Photo by Ross Zetner/ Bronzeville Arts Ensemble

Based on the shooting of a 10-year-old boy in 1973, “The Mojo and the Sayso” is a play about a family coping and coming together in the aftermath of a tragedy. The topic is as resonant today as it was when playwright Aishah Rahman first created the work in 1980. Two Wisconsin-based organizations have partnered to bring this play to Madison this week: Theatre LILA of Madison and Bronzeville Arts Ensemble of Milwaukee.

I had the chance to interview producer Malkia Stampley, who collaborated on The Mojo and the Sayso with director Jessica Lanius of Theatre LILA. She shares her insights as both a producer and an actor, on their message and what it means to give presence to this story on a local level for the greater, national conversation that Madison is a part of.

Jenie Gao: Tell me a little about Bronzeville Arts Ensemble.
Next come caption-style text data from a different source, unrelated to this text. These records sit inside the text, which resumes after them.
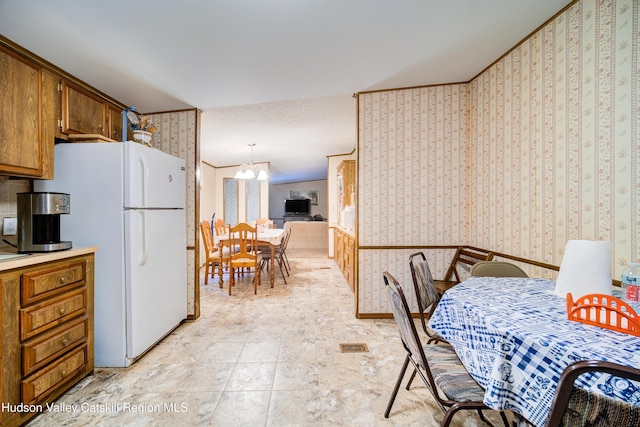 kitchen featuring brown cabinetry, wallpapered walls, freestanding refrigerator, light countertops, and a notable chandelier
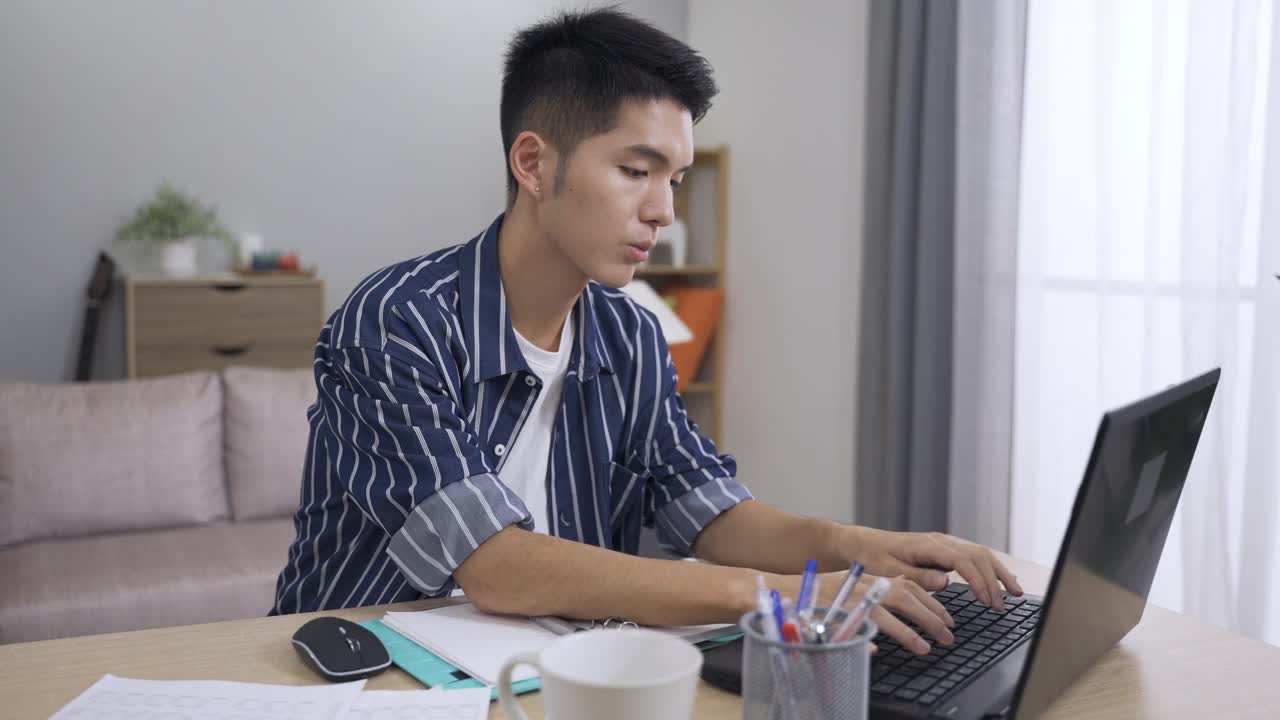 一个在家工作的亚洲人一边在客厅的电脑上打财务报告，一边看报纸。视频素材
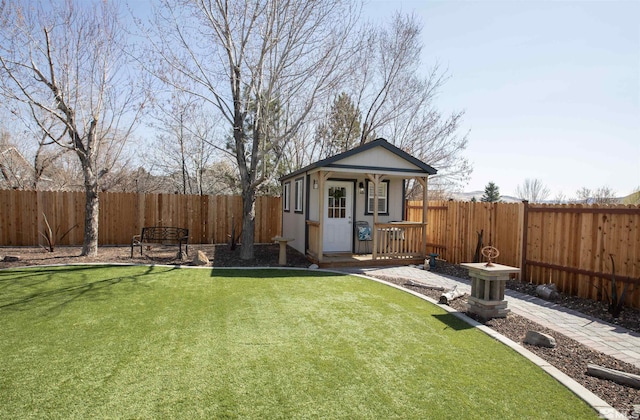 exterior space with an outbuilding and a fenced backyard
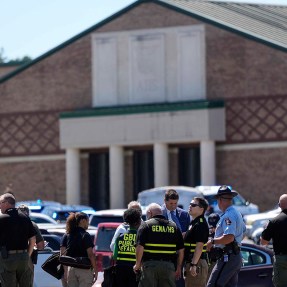 Police gathered outside the high school after a shooting.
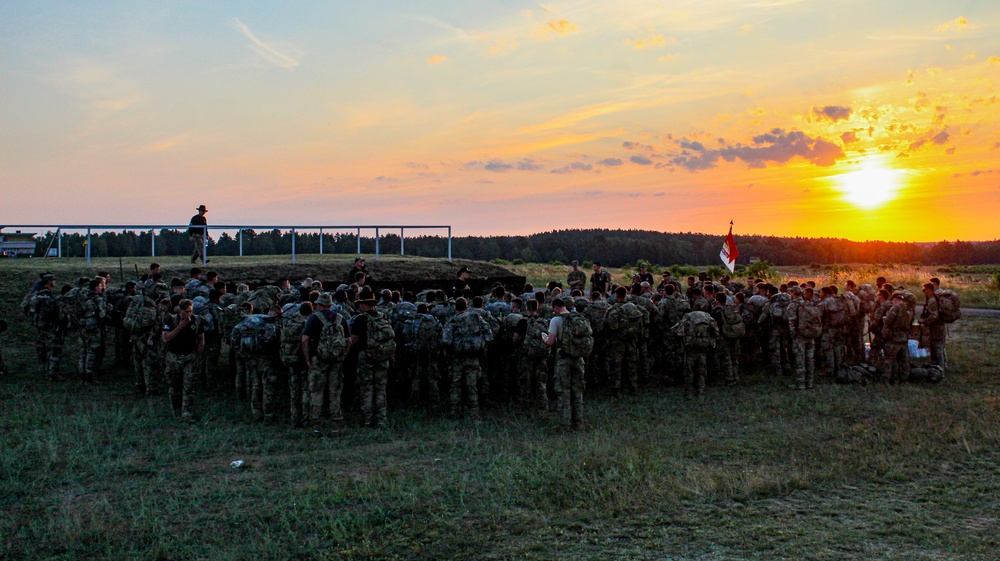 Spur Candidates Conduct a Ruck March During a Spur Ride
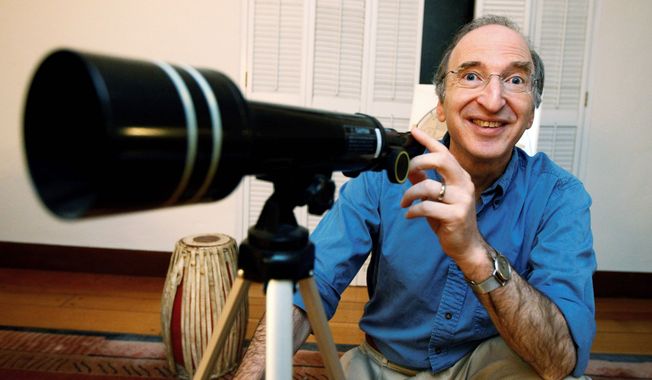 Saul Perlmutter, at his home in Berkeley, Calif., is all smiles Tuesday after learning he had won the Nobel Prize in physics. He shared the prize with Brian Schmidt and Adam Riess for their work mapping the universe&#x27;s expansion by analyzing a particular type of supernova, or exploding star. (Associated Press)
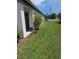 A lush backyard with well-manicured lawn, mulch beds, and a vibrant flowering tree at 3103 Nova Scotia Way, New Smyrna Beach, FL 32168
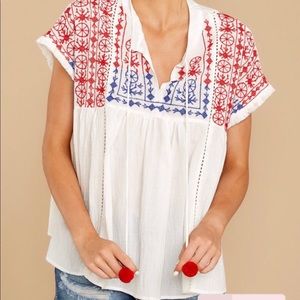 White Top with Blue and Red Embroidery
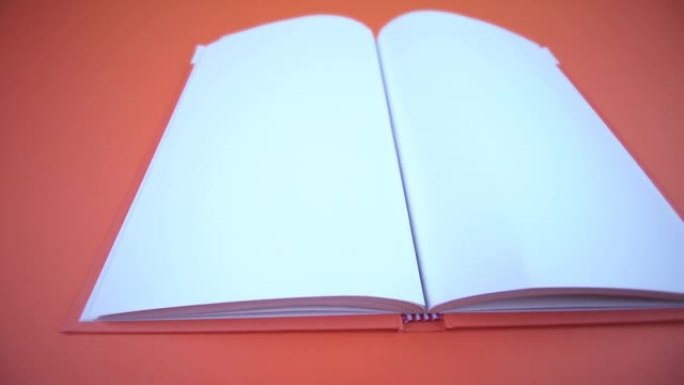 打开橙色背景上有空页的书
Malkia Stampley: Bronzeville was founded in 2013. There were 8 of us who founded it when we saw a lack of representation of African Americans/people of color on the theatre scene in Milwaukee, which isn’t representative of the large population of people of color we have in this city. Most of us who’ve started Bronzeville have had successful careers elsewhere, so it was a chance to give back and also give a voice to the community.
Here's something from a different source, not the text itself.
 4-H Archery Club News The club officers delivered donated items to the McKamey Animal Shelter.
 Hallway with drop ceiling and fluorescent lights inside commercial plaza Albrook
JG: The Mojo and the Sayso is a play from the 80s by Aishah Rahman, based on the shooting of a 10-year-old boy in 1973. When did you first become familiar with the work? How did you come to collaborate with Theatre LILA on this?

Malkia Stampley
Malkia Stampley

MS: Jessica (Lanius) was the one who found the story, “The Mojo and the Sayso. It just seemed like the perfect time and perfect piece after Ferguson, the perfect chance for two companies to collaborate.
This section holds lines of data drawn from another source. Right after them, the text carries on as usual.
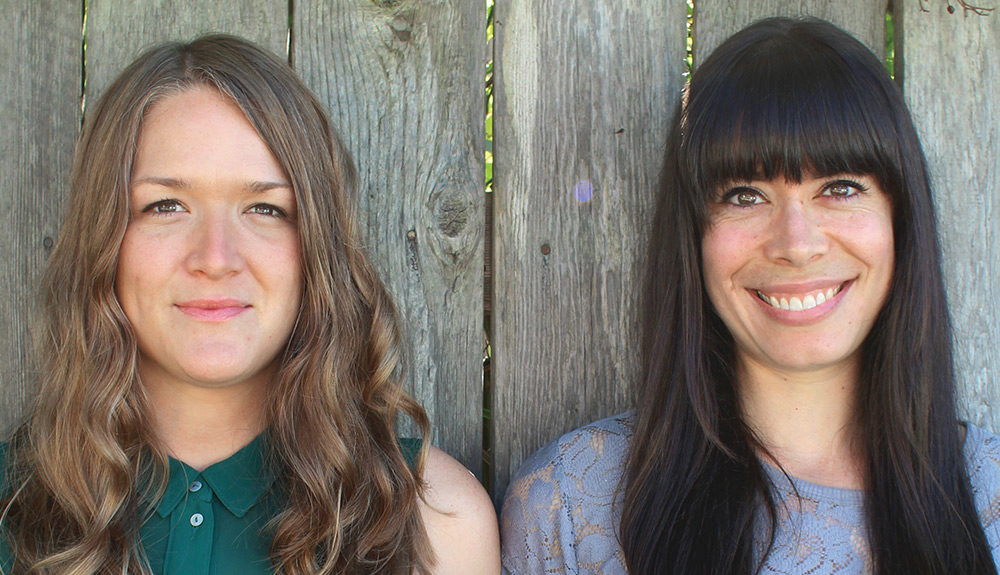 Authors Lindsay Anderson and Dana VanVeller pose in front of a wooden fence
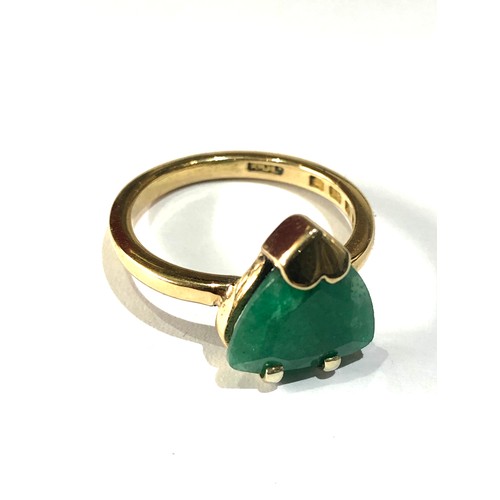 103 - Fine 18ct gold emerald ring large central emerald measures approx 12mm by 11mm weight of ring 4.1g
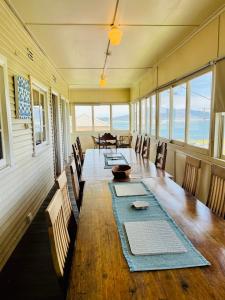 a dining room with a long table and chairs at Bermagui Bay Beach House 2, Wonderful Beachside Location, Pet Friendly in Bermagui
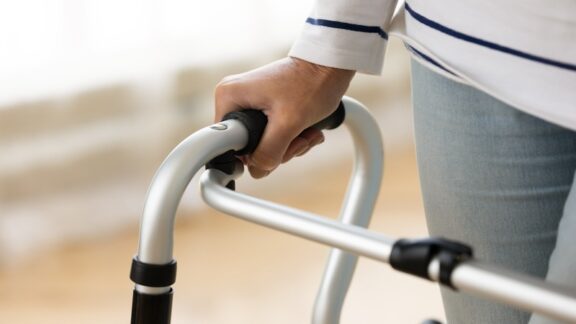 Woman with walker, might wonder if it's time to ditch the mobility aids. Fizkes.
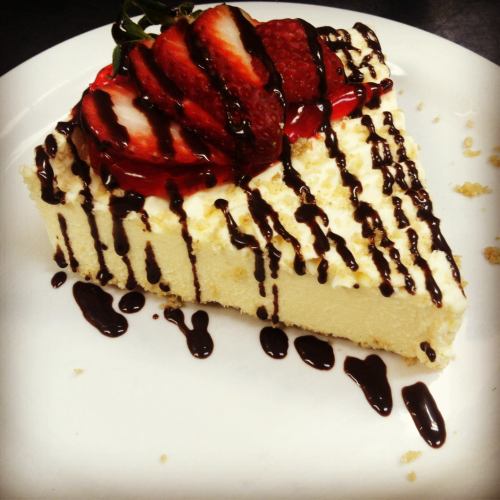 A slice of cheesecake topped with strawberries and drizzled with chocolate sauce on a white plate.
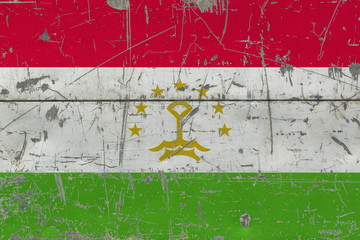 Grunge Tajikistan flag on old scratched wooden surface. National vintage background.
It wasn’t just the fact that this event happened. There are many other stories that deal with this subject matter as well. But what stood out to me about this piece is it was a chance for the audience to connect with the family’s experience. I think a lot of the time with this kind of work it can become political very quickly. It becomes about who was right and who was wrong. It becomes this chess match. But in this piece, it’s about the family and what they need to do to pick up the pieces. The boy who’s shot isn’t in the story; he’s in the backdrop of what this family needs to do, who are left behind to digest what has happened, to look at each other, look at your spouse, look at your remaining children, and figure out what you need to do together. It’s not simple, it’s not easy, it’s a process, and the focus on that is definitely what drew me to the story.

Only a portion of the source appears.